[ Originally written and posted on MySpace on Oct 7, 2007, but little has changed since then ]
Someone using the Internet name "Babeuf" has posted an interesting article headlined "Librarian Shortage a Myth" on the Web site called Anarchist Librarian. This is the most mordant assessment which we have yet seen of the A.L.A.-generated myth that there is a shortage of librarians. [ I ] agree with points 1, 3, 5, and 6, which Babeuf enumerates. Looking elsewhere at the website Anarchist Librarian, however, we find much with which to disagree. Like all leftists, the anarchist librarians seem to accept the duty of all white men to launch themselves onto a never-ending "guilt trip" simply because they are white men. [I] agree that patriotic feelings are often used to the detriment of working folk, but he is not anti-patriotic the way that all leftists seem to be. Why is it not possible to be for both social justice and national sovereignty? Although [ I] have reservations about the anarchist librarians, [ I ] do basically agree with what Babeuf has to say. Babeuf is even on to a significant truth when he says that producing a surplus of graduates is simply another manifestation of the reserve army of the unemployed which always exists under capitalism. We can see that reserve army being created right now via the policies of exporting jobs (globalization) and importing workers (mass immigration). The following is a verbatim quotation from Babeuf's article:
The story that there is or will soon be something called a "librarian shortage" is a con job designed to convince people that it is a good idea to enter "library school" or some "school of information science."
Library schools spread this idea because they want to remain open despite the fact that most of their graduates can't find jobs, that the schools themselves are held in contempt on every university campus where they exist, that they have been objects of ridicule since they were founded, and that at best most of the people with "MLS" or similar degrees are going to wind up basically working at clerical jobs, regardless of whether or not they are allowed to call themselves "information scientists" (whatever that means).
Library directors want library schools to remain open so that they will have what Karl Marx would have called a large reserve army of unemployed librarians. That way, they can keep salaries down and keep making working conditions worse, and if any librarians complain they can be told that someone else is waiting to take their job.

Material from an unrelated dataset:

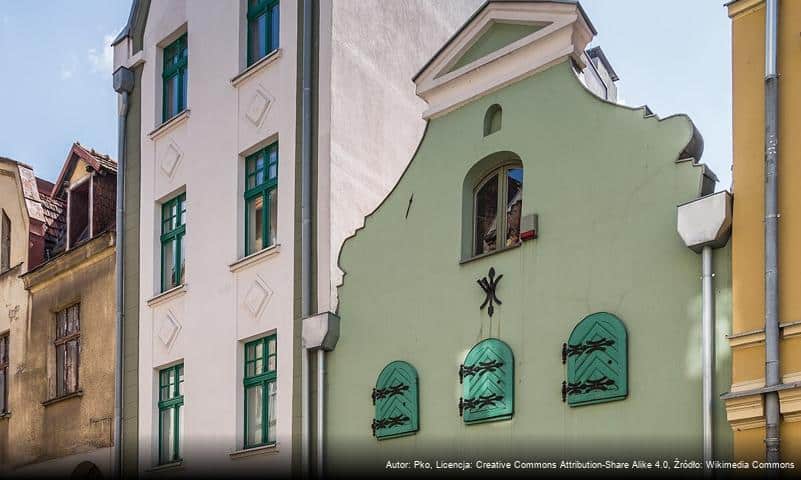 Muzeum Podróżników im. Tony’ego Halika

Some public libraries experience temporary shortages of children's librarians and, more rarely, young adult librarians. But that is about it. Forget about becoming a reference librarian in a university; these jobs attract hundreds of applicants and selection committees often cope with the mountain of applications by simply rejecting anyone without five years of full time experience out of hand. Public libraries will once in a blue moon hire someone right out of library school as a reference librarian, but this is because such jobs are usually not worth having in the first place. You can be virtually certain that some or all of these things will apply:
1. It will be in Redneckville, USA.
2. The library director or your department head will be a psychopath.
3. There will be no public transportation in the area.
4. You will be expected to do your own work and that of recently retired or laid off clerical workers as well. Occasional janitorial duties are by no means out of the picture.
5. Many of the patrons will be alcoholic, drug-addicted thugs prone to violent outbursts - at you.
6. Some of the clerical workers will be well aware of the low esteem in which librarians are held by administrators, and will have no hesitation in letting you know that they resent the fact that you make slightly more money than they do or that your accent is not just like their's.
7. A refinery or manufacturing plant nearby will make for a cancer rate well above the national average.
I don't know why anyone would go to library school today unless they have wanted all their lives to be a librarian at all costs. Why they would want this is beyond me. Take it from someone who has been a librarian for 20 years--most librarian jobs suck. I enrolled in library school during the Reagan depression of the early 1980's to avoid unemployment and homelessness. In those days college graduates were standing on street corners asking for spare change. Even in this lousy economy, today there must be better options than library school.
Librarianship offers about as much of a future as being a blacksmith in New York City."